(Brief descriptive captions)
# # # # #

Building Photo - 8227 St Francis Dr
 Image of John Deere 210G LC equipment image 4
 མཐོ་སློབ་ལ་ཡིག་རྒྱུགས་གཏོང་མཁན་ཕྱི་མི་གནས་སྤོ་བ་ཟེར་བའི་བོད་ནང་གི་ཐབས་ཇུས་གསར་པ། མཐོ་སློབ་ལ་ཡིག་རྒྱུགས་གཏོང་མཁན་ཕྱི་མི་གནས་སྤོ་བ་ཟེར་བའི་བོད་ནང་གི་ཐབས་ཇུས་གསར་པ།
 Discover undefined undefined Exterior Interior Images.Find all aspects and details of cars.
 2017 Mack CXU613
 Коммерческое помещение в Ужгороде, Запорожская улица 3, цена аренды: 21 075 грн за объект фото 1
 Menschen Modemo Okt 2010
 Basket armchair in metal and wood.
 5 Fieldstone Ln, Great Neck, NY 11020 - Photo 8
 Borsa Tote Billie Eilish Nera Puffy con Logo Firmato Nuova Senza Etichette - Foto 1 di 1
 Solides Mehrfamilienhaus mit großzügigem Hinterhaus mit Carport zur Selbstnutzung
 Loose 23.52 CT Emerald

# # # # #

What the task asks -
In the lines above, locate the string "Photo". Copy every line where it occurs.

Answer below -
Building Photo - 8227 St Francis Dr
 5 Fieldstone Ln, Great Neck, NY 11020 - Photo 8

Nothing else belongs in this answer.